Лина взяла сценический псевдоним Верле (Verle) и на репетициях хора, которые проводились дважды в день, появлялась в рыжем парике. Амазар исполняла одну из главных ролей, несмотря на то что, по мнению Лины, была абсолютно немузыкальной. Приме требовалась дублерша, и Балиев предложил Лине выучить роль Амазар. Литвин помогла ей подготовиться, хоть и считала, что Лина надо беречь голос, пока не научится правильно владеть им. Под руководством педагога Лина также выучила «Песенку Фортунио» Жака Оффенбаха. Она исполнила номер – 20-минутная миниатюра – два или три раза, а затем Балиев внес изменения в программу и отправил ее обратно в хор.
Балиев постоянно менял исполнителей местами – в его труппе не было фаворитов, – но Лина оскорбилась и решила, что он ничего не понимает в музыке. Особенно Лина сердилась, когда Балиев утверждал, что в мимическом жанре она может добиться большего успеха, чем в певческом. Опасаясь неодобрения со стороны Сергея, Лина неоднократно говорила ему, что работает в Chauve-Souris исключительно для того, чтобы набраться опыта; она, конечно, зарабатывает в кабаре небольшие деньги, но это лучше, чем получать те же гроши, работая секретаршей или продавщицей. Сергей согласился, что сольные выступления принесут пользу, но заявил, что пение в хоре – бесполезная трата времени.
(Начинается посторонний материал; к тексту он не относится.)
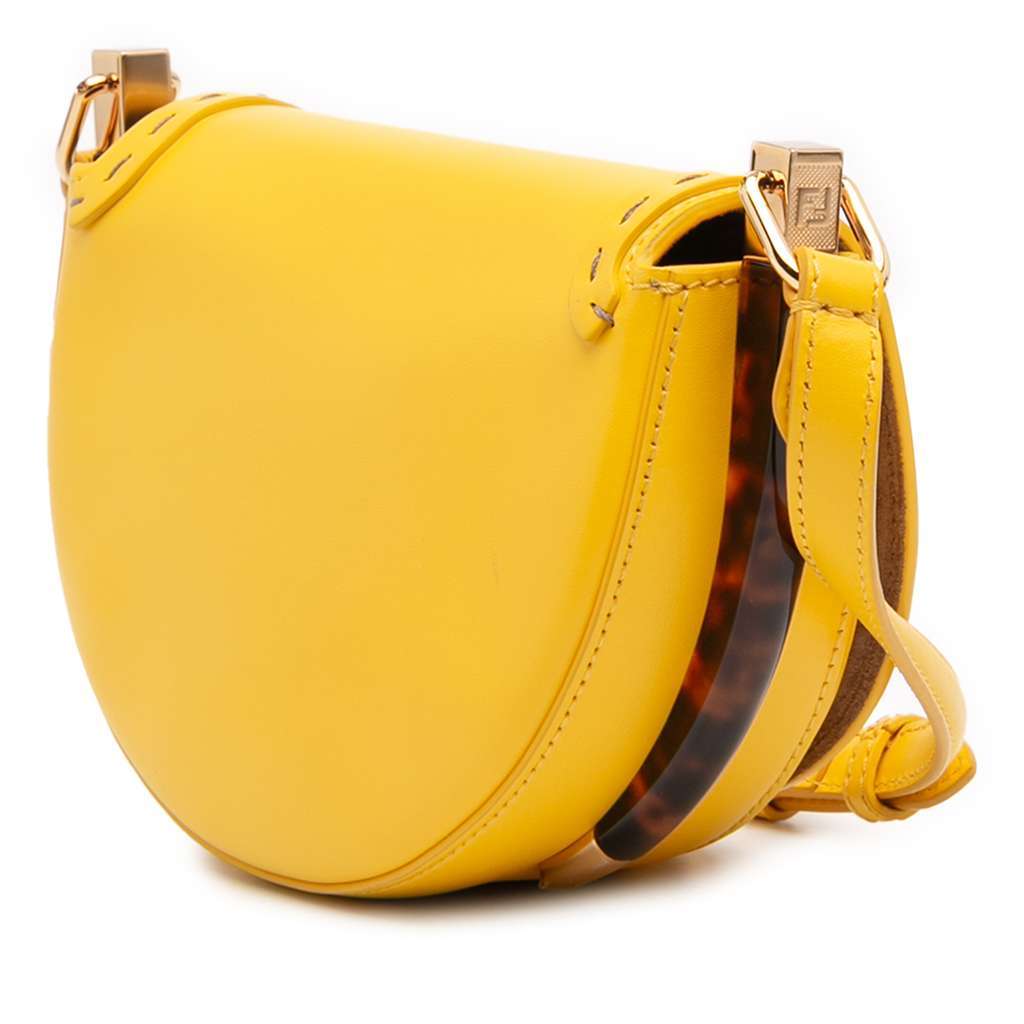 Fendi Leather Moonlight Crossbody Yellow Leather Very good - Back View
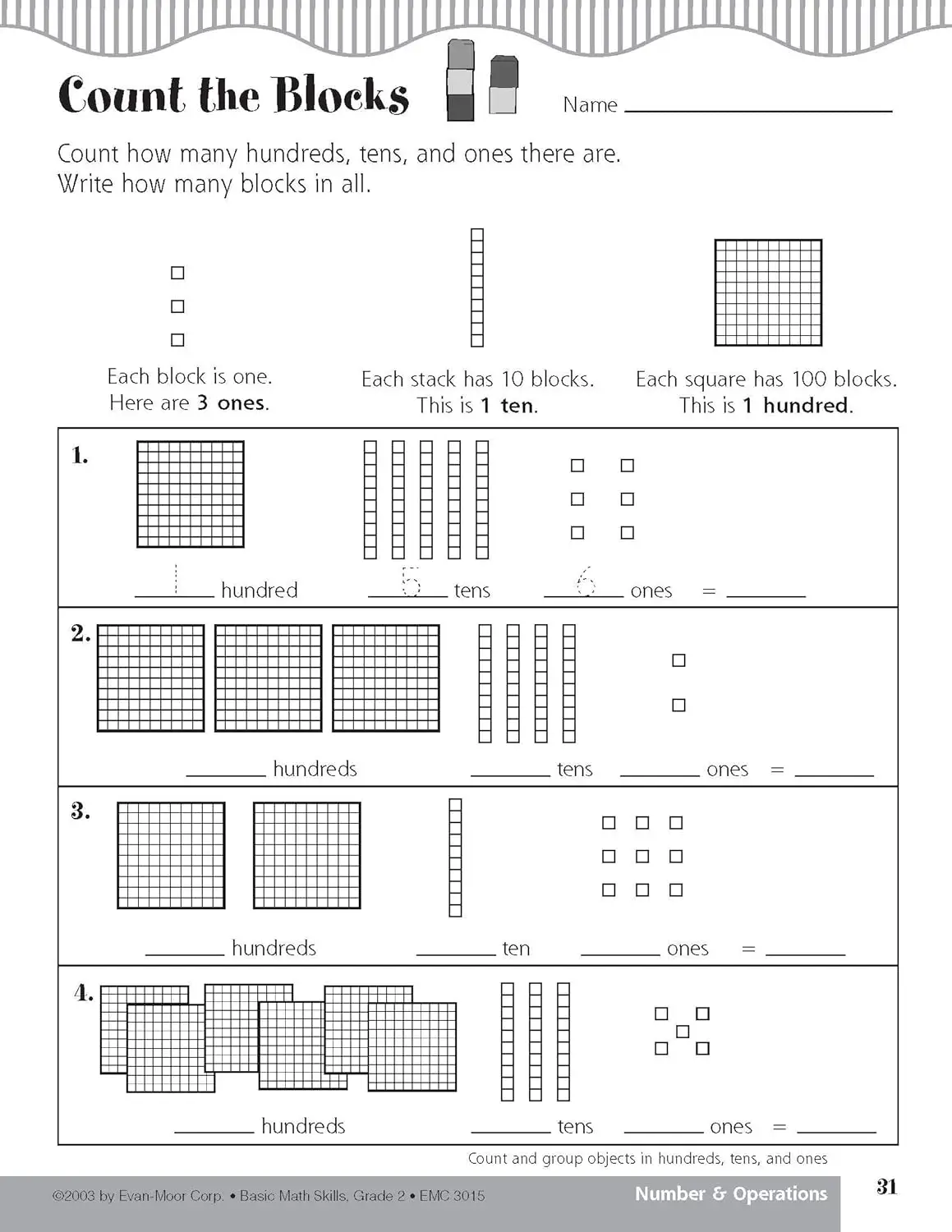 Evan-Moor podstawowe umiejętności matematyczne, skoroszyt klasy 2, w wieku 6 7 8 9, książka angielska 9781557998972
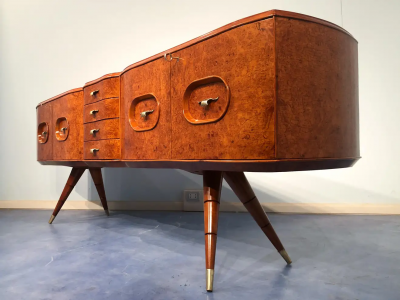 Italian Mid Century Sideboard Honey Color in Birch Wood 1950s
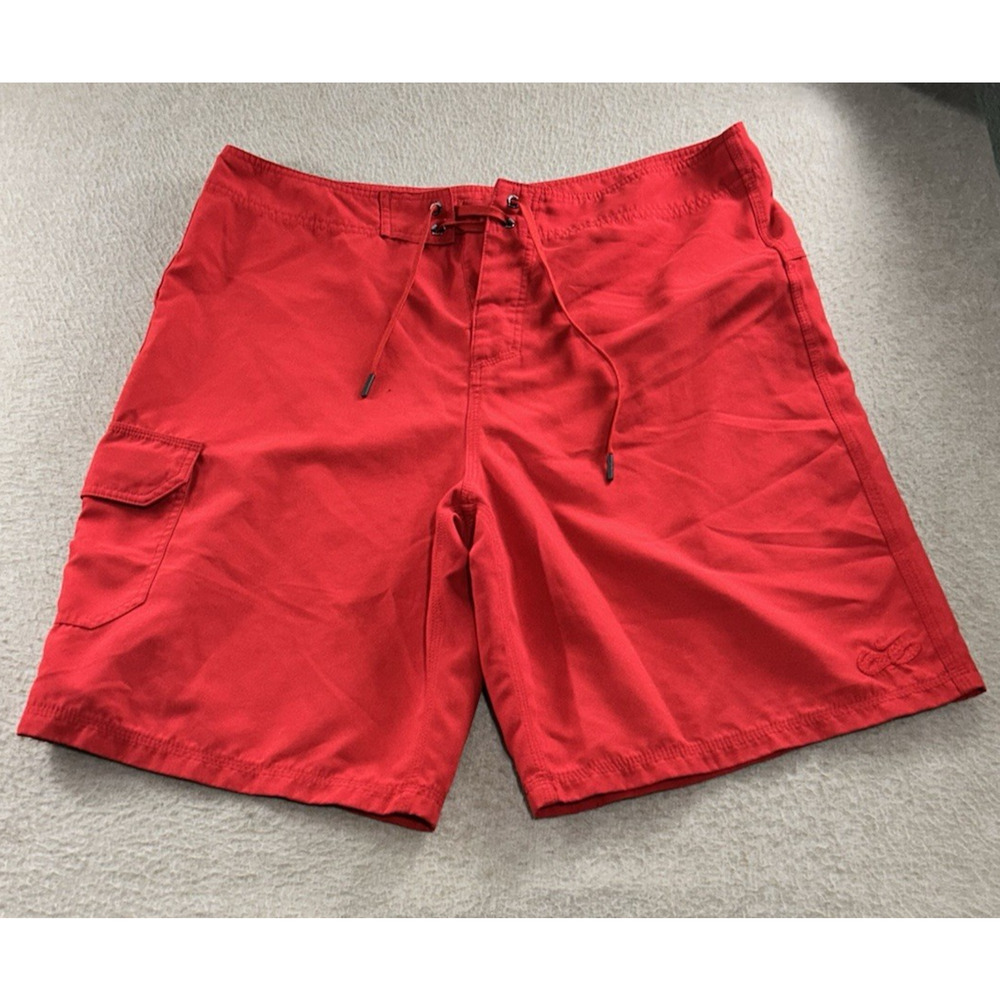 Men's Nike 6.0 Red Board Shorts Sz 36 Swim Surf Short 10" Inseam Swimwear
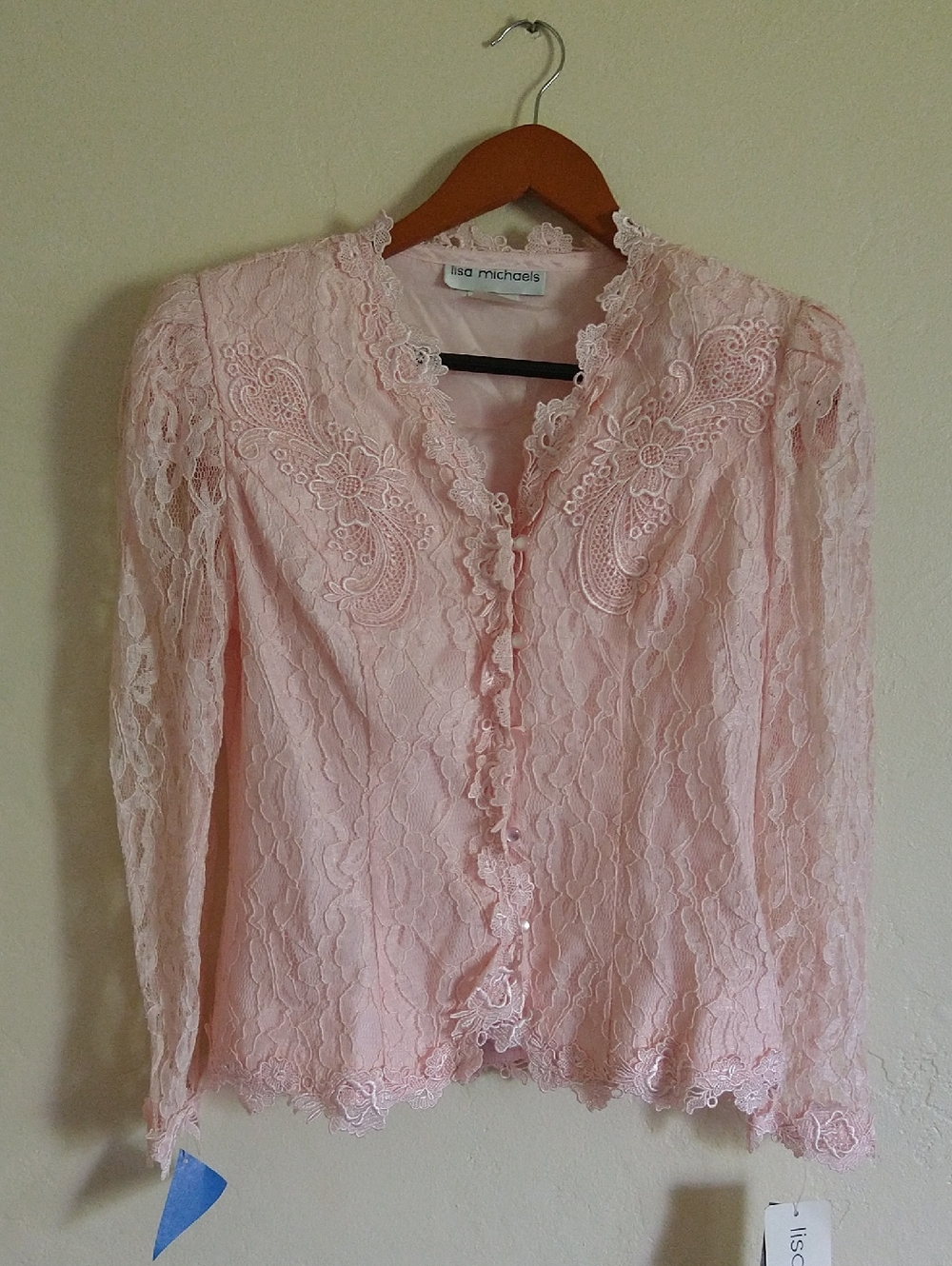 Lisa Michaels Pink Lace Button-Front Vintage Jacket Size 10 Petite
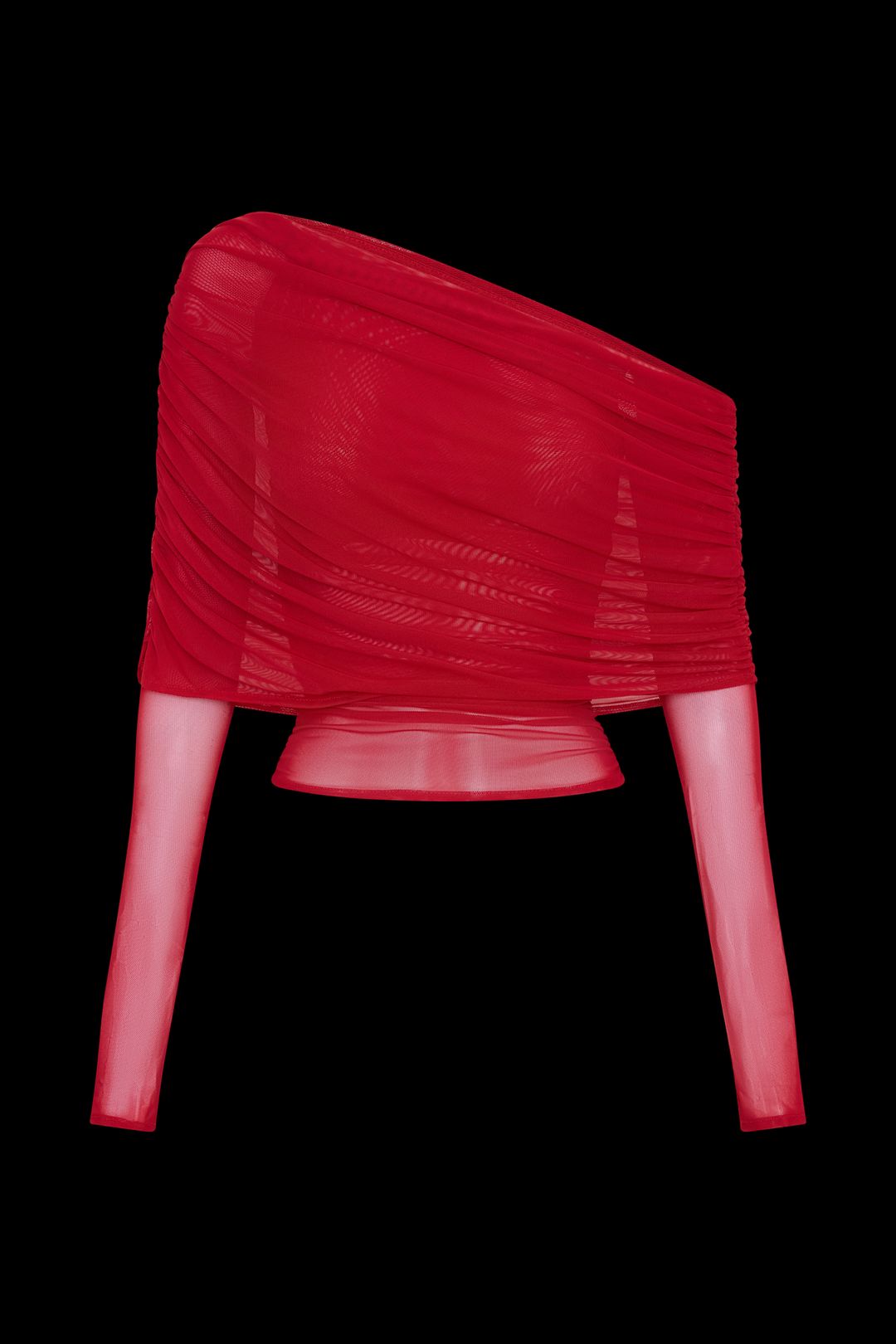Everly Sheer Mesh Off Shoulder Top - Ruby #9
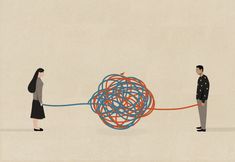 two people are pulling a ball of yarn on a rope that is connected to each other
Но Лина убедила себя, что появление на сцене в любом случае поможет ей научиться сохранять хладнокровие[95]. Однако в итоге она все-таки решила, что работа в кабаре не для нее. Лина презрительно называла представления Балиева «ночными шалостями» – так называлось популярное американское шоу из цикла «Безумства Зигфелда»[96]. Лина считала себя выше этого. Отработав у Балиева месяц, вернула парик и уволилась, сообщив Сергею в письме от 5 января 1921 года, что не может себе простить, что связалась с Балиевым, который открыто презирает певцов. Письмо заканчивалось словами: «Какая гадость и ничего, кроме опустошенности»[97].